I think it is important to note that no digital camera in production has posterization in the RAW data. There is far too much noise for that to happen. To get clear posterization of RAW data, Noise levels need to be down around 0.5 ADU or even lower. The lowest any DSLR does right now is about 1.25 (12-bit or equivalent), or even 0.9 if my data source can be believed (K10D at ISO 100; I don't have any RAWs from the camera that have totally black areas in them, and the lowest standard deviation I can find in the ones I have is ~2.9 ADU, which may or may not have to do with texture).
 
To test the efficacy of the extra two1DmkIII bits, at my request a friend shot two identical shots using a 1DmkIIN and 1DmkIII "with a polarizer on the lens" to induce a smooth gradient across the sky (i.e. the objective was to get the sky to go from normal intensity to very dark as the polarization angle changed across the sky).

Normally, if you use a CPL, because of the associated gradient, you will see banding, especially as the sky gets very dark. I had "fully" expected the the extra two bits to reduce the banding by a factor of four (by "fully" I mean betting more than a cup of coffee on my level of conviction). Initially the 14-bit A/D and reduced noise at high ISO settings were the key drivers in my decision to purchase the 1DmkIII camera (which didn't actually take place because of all the reported AF issues reported by sports-shooters and birders).

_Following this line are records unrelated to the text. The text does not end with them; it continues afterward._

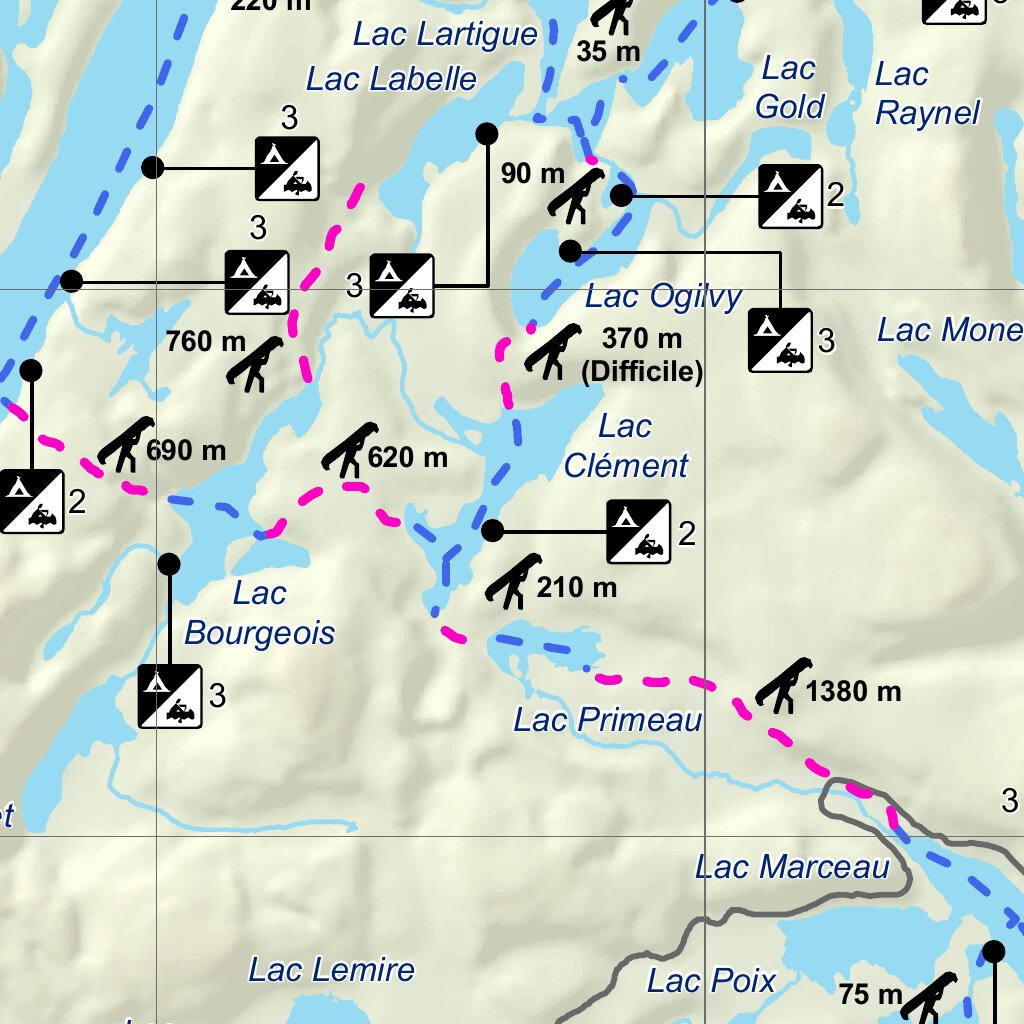 Réserve faunique de Papineau-Labelle : Carte de canot-camping (Secteur ...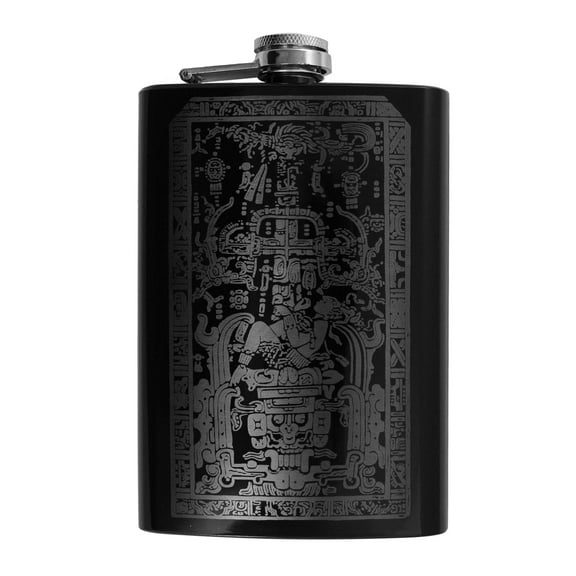 Hip Flask Plus Stainless Steel 8oz Black Flask - Mayan Astronaut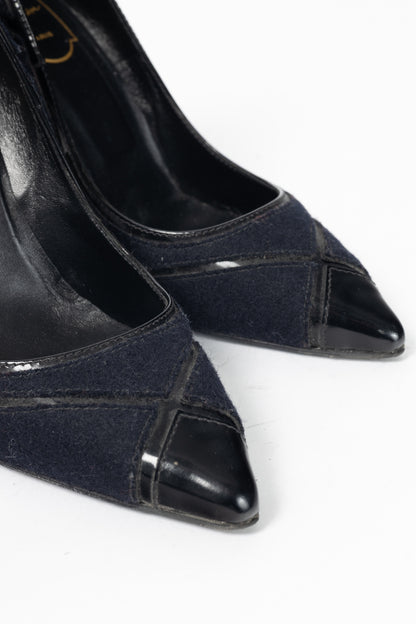 Roger Vivier Prismick Laine Blue & Black Leather Patchwork Heels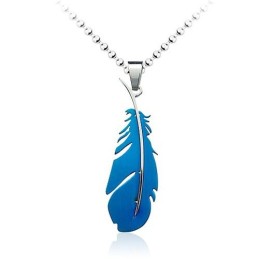 Pendentif En Titane Bleu En Forme De Plume Pour Homme - Chaîne Offerte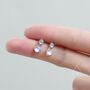 Sterling Silver Double Moonstone Dangle Earrings, thumbnail 2 of 12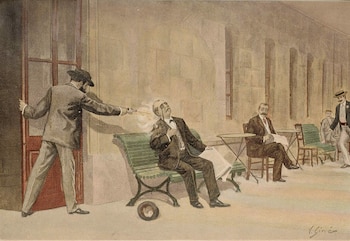 Ilustración del asesinato de Cánovas en un libro de Francisco Pi y Margall.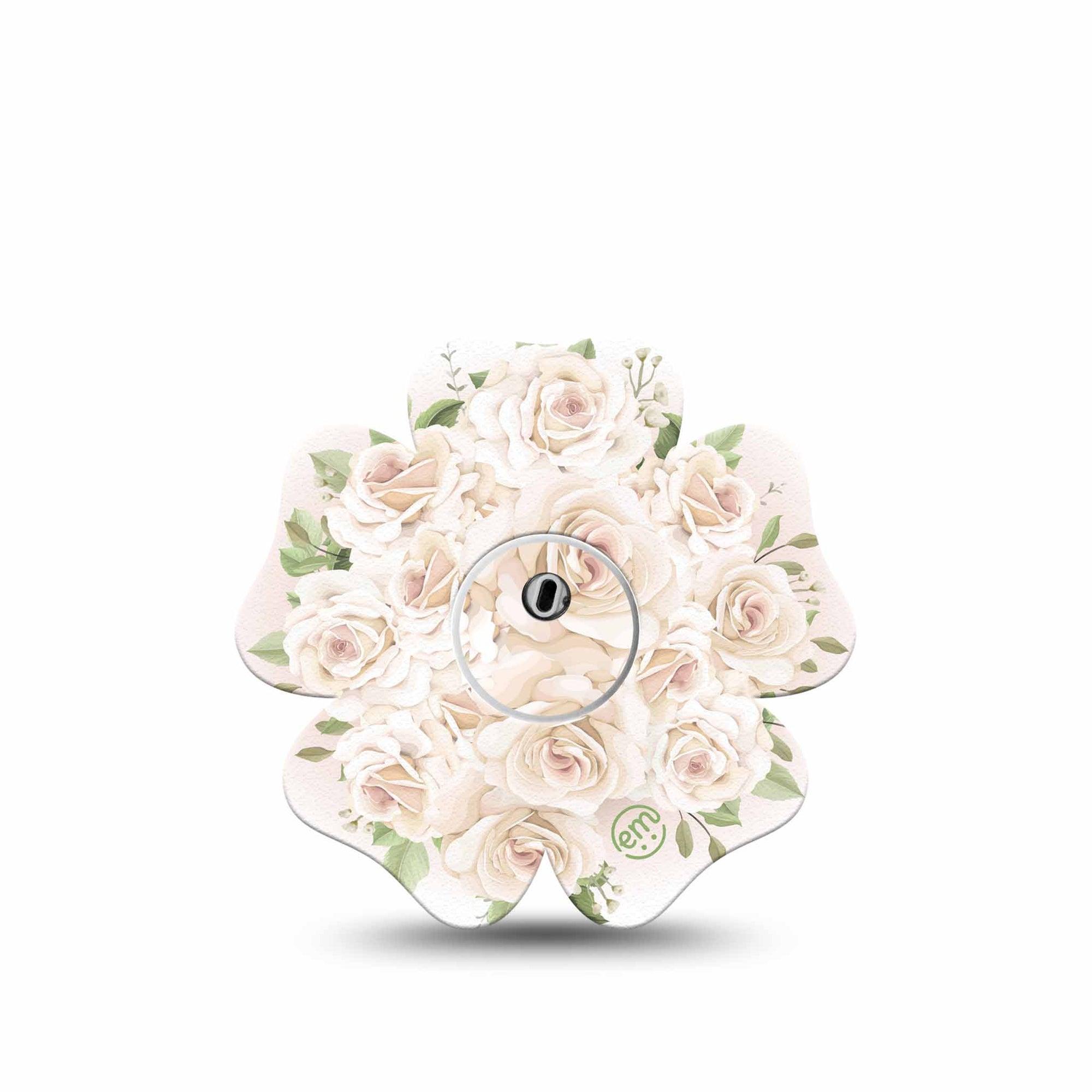 ExpressionMed Wedding Bouquet Freestyle Libre 3 and Libre 3 Plus Flower Shape Tape Single Tape and Single Sticker Classic Florals, Overlay Tape CGM Design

Well, quite a few folks have looked at both of the files and cannot see a difference on a monitor regardless of magnification. I've printed out sections of each file and can't see any difference in banding between the two cameras. Needless to say that my expectations for reduced banding were crushed and left me with my head hanging low. From my perspective, based on the visual evaluations that I (and a few others) have done the extra two bits are more Madison Avenue than substance.

BTW, I can't envision a picture so screwed up that multiple manipulations of Curves, HSL, and whatever else you can think of would actually benefit from the extra two bits; this theory has never been tested by me because I can't find a picture bad enough. However, it is entirely possible that "if" you took a picture under florescent illumination and REALLY REALLY REALLY worked at getting perfect WB across the "entire" tone curve then the extra two bits might be of value; I seriously doubt this because the extra two bits are well below the noise level of the camera (but hey, I learn something new every day).

Regards,

Joe Kurkjian
 

Andrew Rodney

New member
From my perspective, based on the visual evaluations that I (and a few others) have done the extra two bits are more Madison Avenue than substance.

While some could say this isn't totally scientific, it illustrates what happens when the rubber meets the road. It also confirms, unless otherwise dismissed, my feeling that this is more about marketing. We are in agreement.